Opportunity Jesus Chapter 14: Righteousness
Next week, we will look at “Instruction” – what life is like when lived according to the Kingdom of God (Sermon on the Mount). But before we get there, Jesus reveals what it takes to ENTER the Kingdom of God. This passage, known as the Beatitudes, reveals that entering the kingdom is not about “working hard to show Jesus how much we have changed”, but about trusting that you are “made righteous by Jesus and open up yourself to His work in you.” (p. 90).
The Beatitudes reveal the means to a fully satisfied life – both initially in entering the Kingdom of God and ongoing in living according to the Kingdom of God. From Opportunity Jesus (p. 91):
Jesus loves word pictures and parables. And the Beatitudes, while having individual meaning of utmost importance, also combine to describe something bigger. Collectively, they just might be a picture of salvation. The Beatitudes come first before Jesus speaks on righteous living. The Beatitudes can be looked at as a first step. They, combined together, describe the kind of person who, under the power of the Holy Spirit, can live the way the rest of the sermon describes.
Note this simple progression in the Beatitudes.
Poor in spirit: This could represent a person spiritually bankrupt before God. The place where you look at your life, and God’s holiness, and see there is a sin problem in you.
Mourn: This could represent sorrow for sin and repentance of it. The place where you acknowledge you’re a sinner, you’re sick of it, and you want help. So you turn from your sins in repentance, new life is granted, and you are changed.
Meek: This could represent waiting before God for His mercy. You lift up your hand to entrust your life to Jesus in meekness and wait for His merciful touch.
Hunger and thirst: This could represent asking for Jesus’s righteousness. To be made right. To be justified. To have Jesus’s righteousness imputed on us.
Merciful: This could represent your new role in this world as a compassion giver and circumstance changer because you have had it done unto you.
Pure in heart: This could represent the blessed result! We are made pure; we are saved.
Peacemaker: This could represent trying to bring others to Christ so that they can make peace with God and be saved.
Persecuted: This could represent what happens when we undergo this kind of transformation Jesus describes in the whole sermon.
It is through this cycle that we ENTER the Kingdom of God, GROW in the Kingdom of God and DISPLAY the beauty of the Kingdom of God to a watching world. May we point our community Jesus – not through acting like we have it all together, but through the humility that comes through knowing we don’t.

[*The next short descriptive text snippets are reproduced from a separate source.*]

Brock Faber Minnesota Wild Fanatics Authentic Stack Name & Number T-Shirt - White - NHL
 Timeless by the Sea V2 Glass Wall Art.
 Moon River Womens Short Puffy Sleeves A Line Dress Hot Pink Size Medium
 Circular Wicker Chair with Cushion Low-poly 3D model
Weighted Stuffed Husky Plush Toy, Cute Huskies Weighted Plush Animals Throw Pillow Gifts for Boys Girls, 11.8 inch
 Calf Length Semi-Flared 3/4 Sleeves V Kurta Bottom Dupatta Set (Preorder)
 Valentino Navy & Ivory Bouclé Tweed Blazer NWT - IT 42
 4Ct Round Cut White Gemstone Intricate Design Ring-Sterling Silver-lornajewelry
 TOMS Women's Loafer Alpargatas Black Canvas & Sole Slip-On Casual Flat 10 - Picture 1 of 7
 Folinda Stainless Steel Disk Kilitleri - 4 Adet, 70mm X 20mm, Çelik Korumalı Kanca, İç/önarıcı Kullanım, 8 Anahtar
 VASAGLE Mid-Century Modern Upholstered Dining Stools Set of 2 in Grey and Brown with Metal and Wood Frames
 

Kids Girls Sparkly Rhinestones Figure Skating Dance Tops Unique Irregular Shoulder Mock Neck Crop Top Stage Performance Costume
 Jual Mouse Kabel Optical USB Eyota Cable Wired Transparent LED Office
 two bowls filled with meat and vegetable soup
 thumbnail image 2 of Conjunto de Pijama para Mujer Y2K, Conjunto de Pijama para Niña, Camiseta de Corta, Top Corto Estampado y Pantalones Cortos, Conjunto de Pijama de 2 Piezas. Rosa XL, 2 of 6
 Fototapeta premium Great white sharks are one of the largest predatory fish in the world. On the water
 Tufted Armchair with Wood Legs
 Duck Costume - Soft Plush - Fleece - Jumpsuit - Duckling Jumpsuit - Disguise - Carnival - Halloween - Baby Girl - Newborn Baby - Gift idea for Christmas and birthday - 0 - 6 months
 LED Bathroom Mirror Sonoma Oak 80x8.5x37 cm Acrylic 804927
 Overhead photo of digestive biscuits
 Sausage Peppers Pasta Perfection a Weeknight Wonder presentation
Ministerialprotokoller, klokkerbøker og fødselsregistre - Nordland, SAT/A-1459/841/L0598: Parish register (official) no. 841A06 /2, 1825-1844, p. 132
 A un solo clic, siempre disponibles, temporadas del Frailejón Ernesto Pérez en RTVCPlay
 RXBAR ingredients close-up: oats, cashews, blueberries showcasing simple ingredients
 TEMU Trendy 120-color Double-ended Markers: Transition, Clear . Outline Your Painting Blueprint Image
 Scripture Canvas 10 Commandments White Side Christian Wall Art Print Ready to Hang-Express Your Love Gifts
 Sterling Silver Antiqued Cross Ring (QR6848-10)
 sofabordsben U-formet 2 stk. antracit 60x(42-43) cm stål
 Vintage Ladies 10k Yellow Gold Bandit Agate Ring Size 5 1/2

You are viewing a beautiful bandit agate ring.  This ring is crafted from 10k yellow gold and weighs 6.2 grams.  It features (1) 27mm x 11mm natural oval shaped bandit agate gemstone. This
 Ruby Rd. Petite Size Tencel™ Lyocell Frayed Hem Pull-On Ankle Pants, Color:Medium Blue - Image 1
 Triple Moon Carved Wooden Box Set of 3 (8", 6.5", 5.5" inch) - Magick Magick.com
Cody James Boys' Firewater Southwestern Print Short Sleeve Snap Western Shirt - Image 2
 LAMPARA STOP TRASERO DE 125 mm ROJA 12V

“Thousands of people are turned off to Jesus because Christians tend to act as if we have it all together once we have received Christ. (And we do have it all together positionally, but not practically!) So, we put on the perfect face also known as hypocrisy, and the world sees through that and calls us all a bunch of phonies. The truth is, we should be the most humble people in the world, for we are the one group in the world that admits before God that we don’t have it all together, don’t have the answers, and need a Savior. Being poor in spirit means we retain that humility.”